With that out of the way, answering the question of exactly how safe PayPal is depends on what you’re using it for. Part of that is due to PayPal’s focus on buyer protection, and part of it is due to the nature of online payments.
How safe is PayPal for money transfers?
For simple money transfers to friends, PayPal is one of the safest platforms out there. In fact, it may actually be safer than normal bank transfers. As long as you don’t make a mistake when entering the amount or email address, you can be absolutely positive that the recipient won’t be able to see your bank account details.
Obviously there are some other security concerns that aren’t unique to PayPal. For example, using public Wi-Fi connections for financial transactions is never a good idea, as they may be vulnerable to interception. Another concern is scams, which attempt to trick you into sending money to an unknown account or click a link to gain access to your account.
As long as you’re wary of these things and use a bit of common sense, PayPal’s built-in security won’t let you down.
How safe is PayPal for buyers?
When it comes to using PayPal to buy goods and services, it’s one of the safest platforms out there. PayPal’s buyer protection program covers situations where a product is never received or isn’t as described, as well as fraudulent charges that were not authorized by the account holder.

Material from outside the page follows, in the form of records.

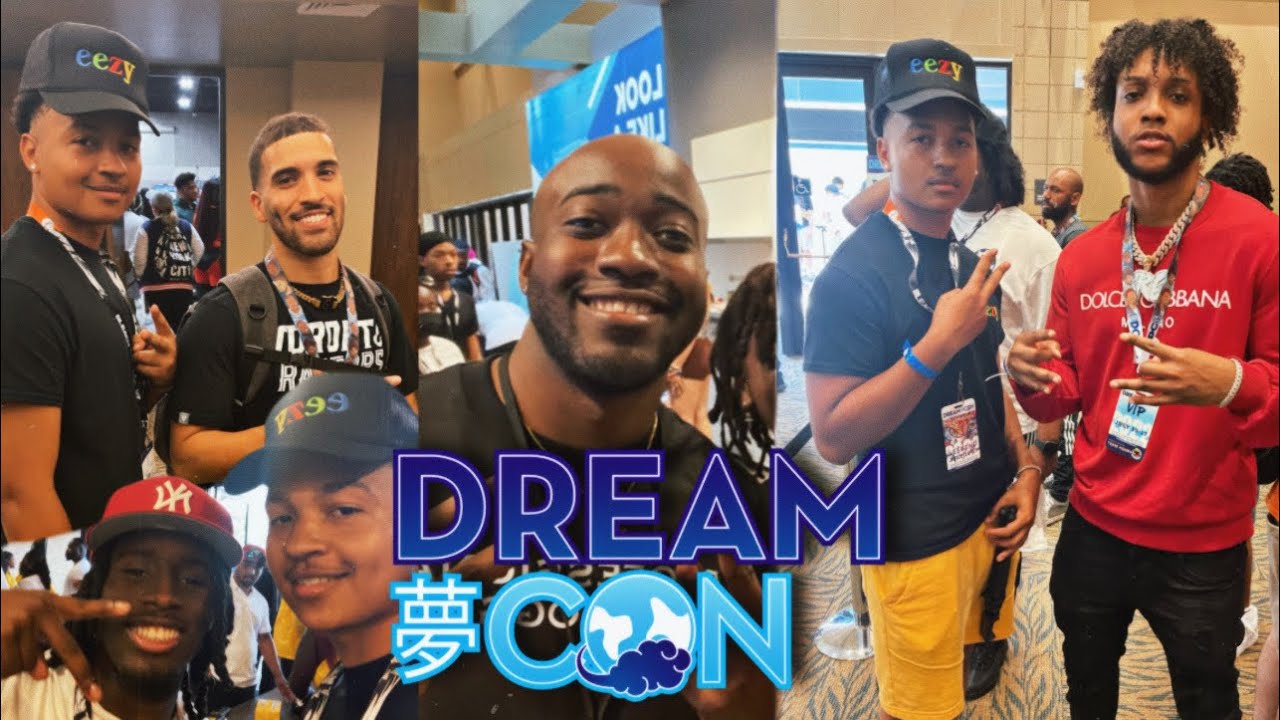 BEST WEEKEND EVER! | DreamCon 2022 Vlog Day 1 (ft. YourRAGE, Jidion ...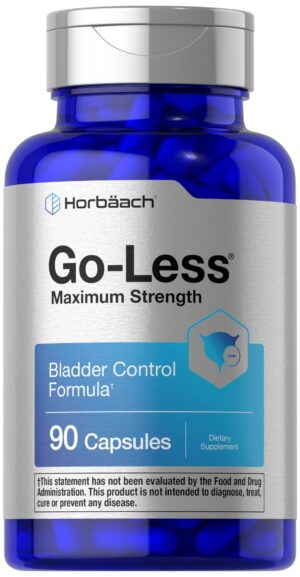 Frasco Go Less Bladder Control de Horbaach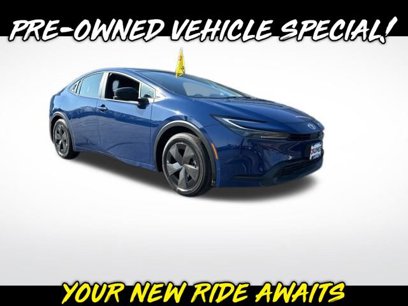 Used 2024 Toyota Prius Limited
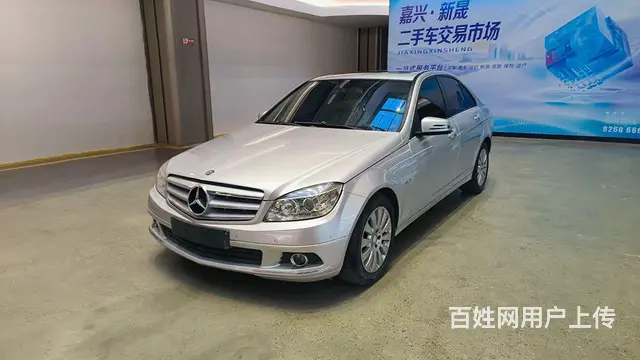 奔驰C级 2011款 C 200 CGI 1.8T 手自一体 - 图片 1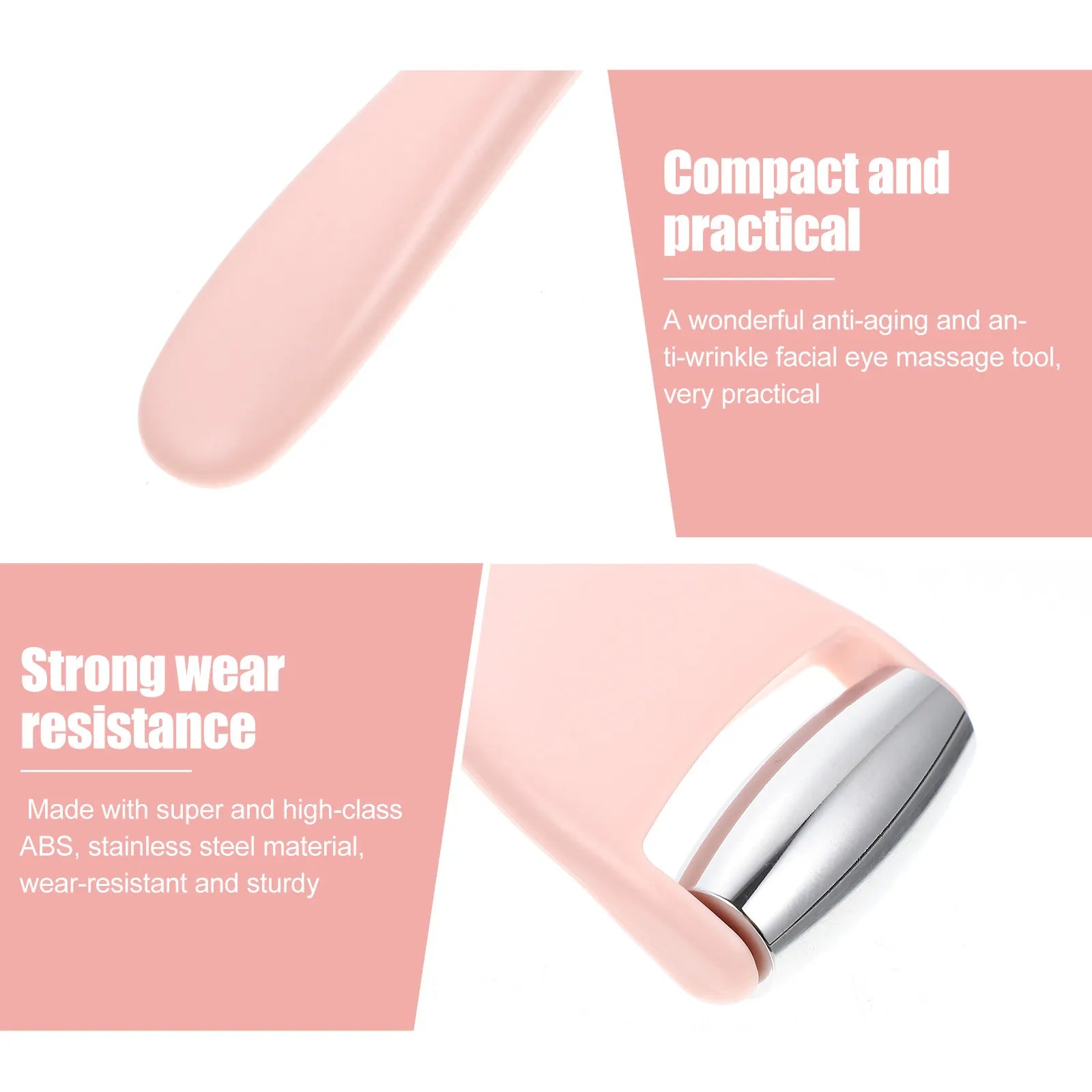 Dual Facial Massage Roller Set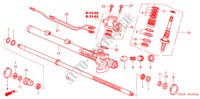 P.S. VERSNELLINGBOX KOMPONENTEN(LH) voor Honda ACCORD 2.0 VTIE 4 deuren 5-traps automatische versnellingsbak 2003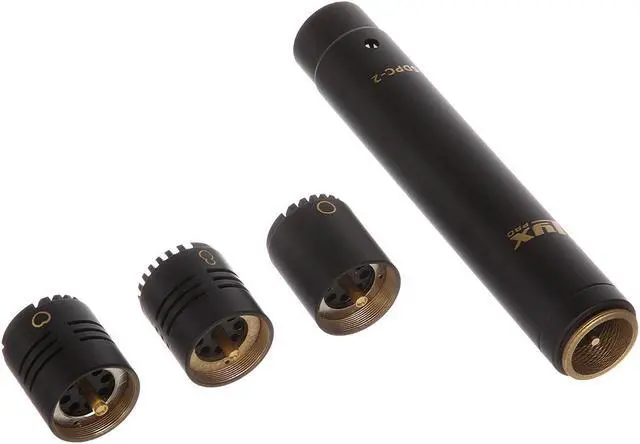 Alt view image 6 of 14 - LyxPro Pencil Condenser Stick Microphones Omni, Cardioid, Super Cardioid Capsule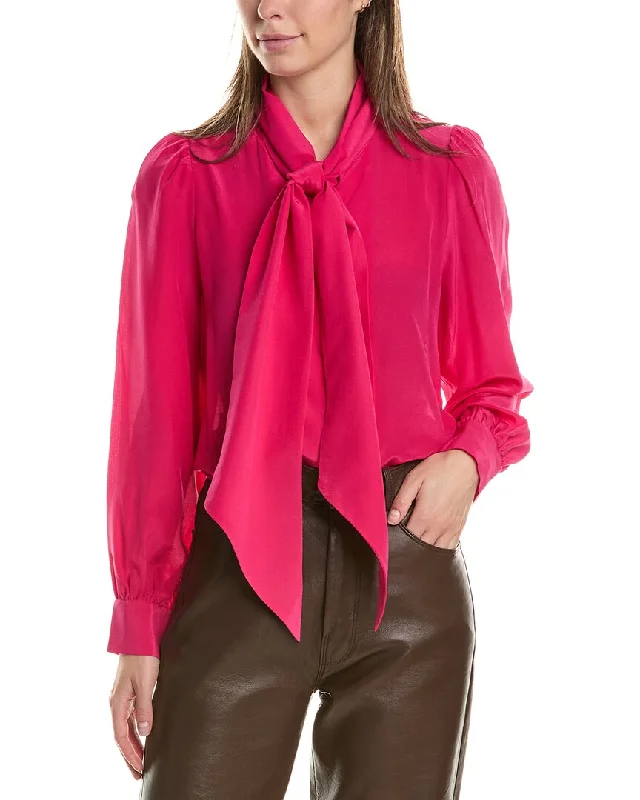 Marie Oliver Felix Silk Blouse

These policies make PayPal’s buyer security similar to a credit card. However, there are a few limitations to what can be reimbursed in many countries. For example, purchases of cars, large machinery, and custom-made items are often exempt. You should review the full policy for your country, but the main takeaway is that PayPal isn’t ideal for very large purchases.
Even so, PayPal is a safer way to send money than Western Union or direct wire transfers. Potential scammers can’t glean any financial information from a PayPal transfer, making it a great choice for buyers looking for an extra level of privacy and security.
How safe is PayPal for sellers?
For those looking to use PayPal to sell goods and services, the story is more complicated. PayPal clearly favors buyers in online transactions, and this naturally comes at the expense of sellers.
PayPal does have a seller protection policy, but it’s significantly more restrictive than its buyer counterpart. While legitimate business owners who are willing to work with customers are unlikely to encounter significant problems, there are some situations where sellers may feel less than protected.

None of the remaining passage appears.